The viscosity of product 20F is routinely measured by obtaining a sample, stirring it, splitting the sample into two subsamples, and then measuring each subsample with a Ubbelohde tube. In this case the U-tube is read after a period of 60 seconds. These two determinations of viscosity are then averaged and the average value is the reported measurement. With such duplicate testing of split samples the differences between the two determinations will provide a reasonable estimate of test-retest error. Figure 1 shows the values found for 10 batches of product 20F and the average and range chart corresponding to these 10 subgroups of size two.
The reader is cautioned here that the average and range chart in figure 1 is not a process behavior chart, but is rather a one-time analysis for a finite data set known as a short EMP study (Evaluation of the Measurement Process).
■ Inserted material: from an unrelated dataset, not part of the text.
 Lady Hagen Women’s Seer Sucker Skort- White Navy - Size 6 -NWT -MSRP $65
The fact that each subgroup consists of the two determinations of the viscosity of a sample from a single batch means that the within-subgroup variation does not capture the batch-to-batch variation of the production process. Instead it captures the test-retest error in the use of the U-tube plus any small differences that might exist between the two parts of the samples. Thus, the average range will provide an estimate of the test-retest error. The range chart will check these test-retest errors for consistency, and the limits on the average chart will define that amount of variation in the reported averages that could be due to test-retest error alone. Since we want to be able to detect the batch-to-batch differences above and beyond the effects of measurement error, we want to find points outside the limits on this average chart. The more points outside the limits, and the further outside the limits these points lie, the greater our ability to discriminate between the batches of product 20F. In this case, while measurement error is present, we can still discriminate between batches. Those who are not familiar with EMP studies may need to reread this paragraph. For more on this topic see “A Better Way to Do R&R Studies” (QDD, February 2011), and “Rational Subgrouping” (QDD, June 2015).
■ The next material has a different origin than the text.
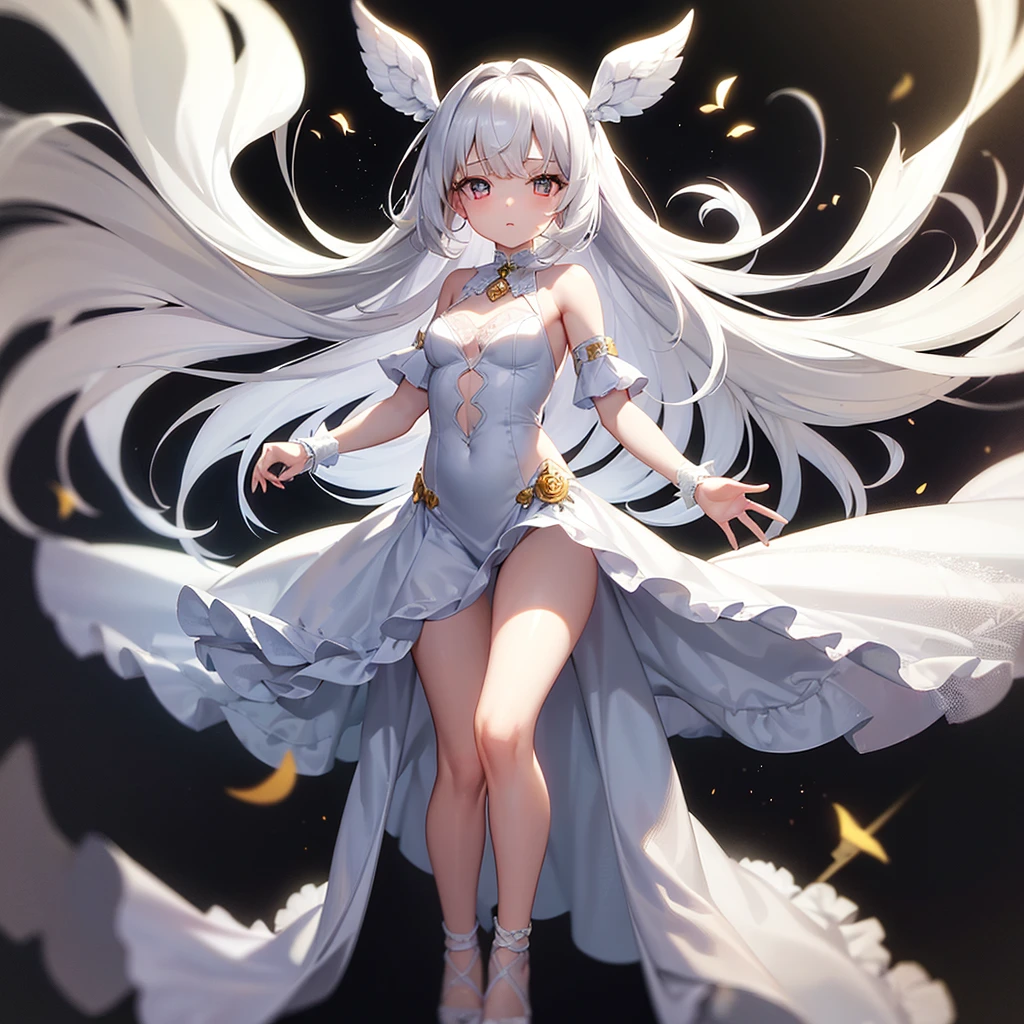 (((White Wedding Dress))), ((Bellline)),((In a naughty way)),Cute little loli,Tiny Lori,Small girl,,Childish face, Very fine clean face,Top quality, Big eyes,Straight Hair,Yellow hair,Crimson Eye,(Dark Room), Subtle light, Natural light,Soft lighting,Light from directly behind, (Are standing), Cute pose, (Open your hands), Showing the whole body,Front view,Black background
In figure 1 we find all of the ranges within the limits and so we judge the measurement procedure to be consistent. There we also see that the U-tube readings were recorded to the nearest 10 centistokes (cs), and the averages of the duplicate readings were reported to the nearest 5 cs. But how good are these values?
The average range for the duplicated readings is 255 cs. Dividing by the bias correction factor of 1.128 for subgroups of size two, we obtain an upper bound estimate of the test-retest error for a single determination of:
Thus, the test-retest error for the average of two determinations of the same batch would be:
This value of 160 cs is the estimate of the standard deviation of the measurement error in the reported values. To determine what this means in practice, we multiply by 0.675 to convert the estimated standard deviation into the probable error of a reported value:
This is the demonstrated resolution of the reported values. The probable error is the median amount by which a measurement will err. So even though the averages of these duplicate determinations are recorded to the nearest 5 cs, they will err by 108 cs or more half the time, and they will err by 108 cs or less half the time. Thus, these measurements are only good to the nearest 100 cs. Reporting the averages to the nearest 5 cs is an example of writing down more digits than the measurement system will support. Here we have a discrepancy between the measurement increment used in recording the data and the effective resolution of those data. Just writing down more digits does not always increase the precision of the measurements.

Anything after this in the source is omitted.